Monday 19 November 2007

Things vs Experiences

The opening of France's new Immigration Museum last month was well noted in the press - less so by the great and the good, with Sarkozy and his immigration minister deciding not to attend.

What I find interesting is that this is a museum which tries to address concepts and experiences. The whole concept of 'being French', for instance. France has always had a strong centralising, classicising culture; a strong tradition of linguistic correctness, style, a canon of work. (Braudel, a historian whose work I find particularly interesting, comments that this can be set against a very strong regional and local trend - the 'terroir' - so it's not only immigration that challenges this centralised Frenchness, it's the tendency of individual French people to identify as Savoyards, Provencals, Bretons, or Burgundians... but I digreess.)

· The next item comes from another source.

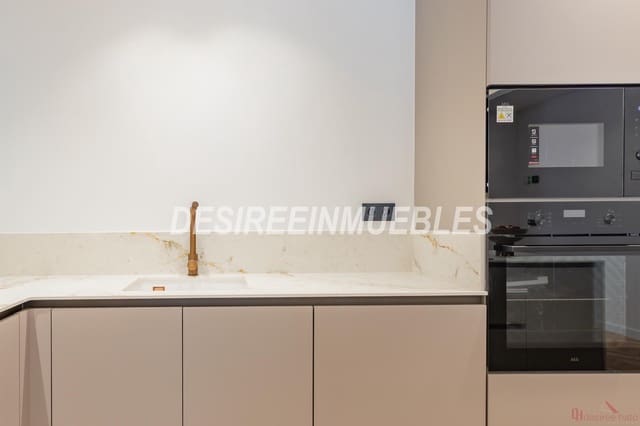 Piso de 3 habitaciones en Sant Francesc, València ciudad en venta - 946.000 € (Ref: 9593280)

So immigration challenges the core of French culture; the unified, single-language, single-system, statist view of culture. The view that says whatever your origins, you are 'French' - where in England we say 'black Briton', 'British Muslim', in French the phrase is 'd'origine Martiniquaise', 'd'origine Algérienne'. You are only of that nationality by origin - you are French by essence.

Now how does a museum go about addressing these issues? Museums are truly great at showing you things. One of my favourites; a study room at the Metropolitan Museum of Art entirely full of ushabtis (tiny Egyptian tomb figures). Another; the cases of Tanagra figurines in the British Museum.  You learn something about that country and that period by seeing them, but the focus is on the things themselves.  The same with art galleries; you might actually get some good ideas about Van Gogh by, for instance, lining up one of his pictures with photographs of the landscape, or of contemporary interiors in real life, but what the gallery is about is showing you things. You're then in charge of the experience.

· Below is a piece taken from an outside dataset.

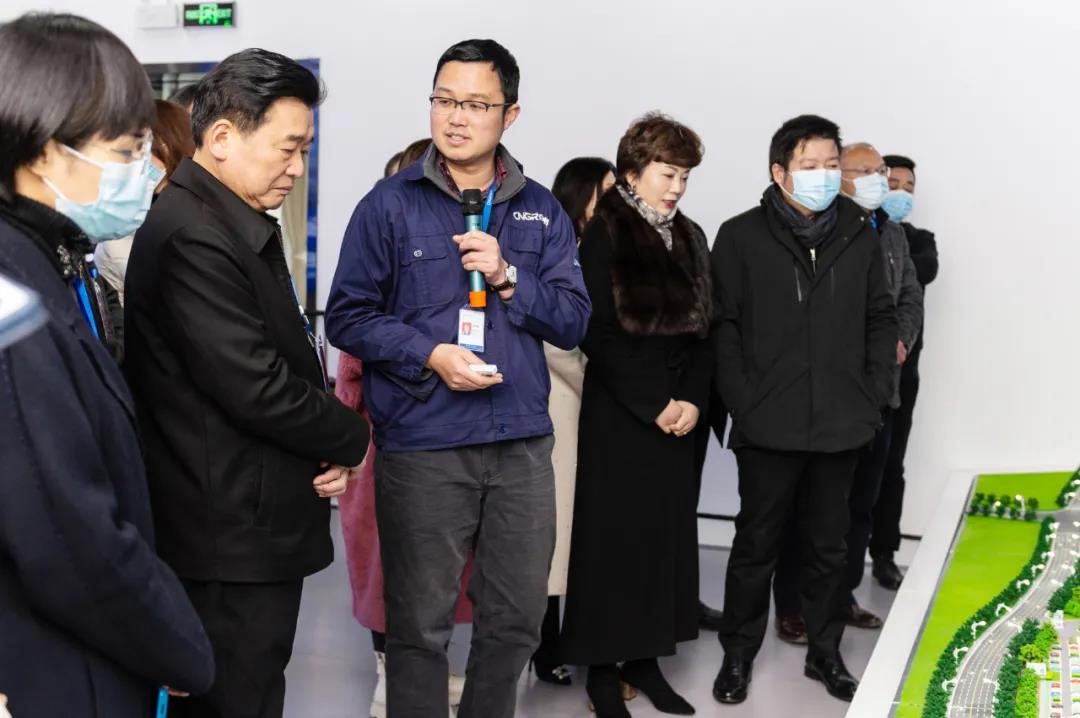 全國、省、市人大代表赴中部產(chǎn)業(yè)基地開展會前集中視察工作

Now the museum of immigration can certainly put together a number of things. At danger of stereotyping; a kora for Senegal, tea glasses for North Africa, Chopin's piano for the French Poles, a Torah for the Jewish community (though whether you can call French or English Jews 'immigrants' - or indeed whether you can spot a 'typical' Jewish experience when Sephardi and Ashkenazi communities had such different histories). Things.

But actually those things don't tell you anything about the immigrant experience. Perhaps it's only art work that can do that. An installation of insidious voices for instance. Accounts of their lives, taken from immigrants of different generations and origins.  (To its credit, this museum has tried to do that by engraving their words on the glass of some of the cases.)

So I suspect this museum, for all its honesty and integrity, rather fails.  Because it's difficult to square the requirement for scholarly integrity - which has always been based on showing things -with the need to admit experiences.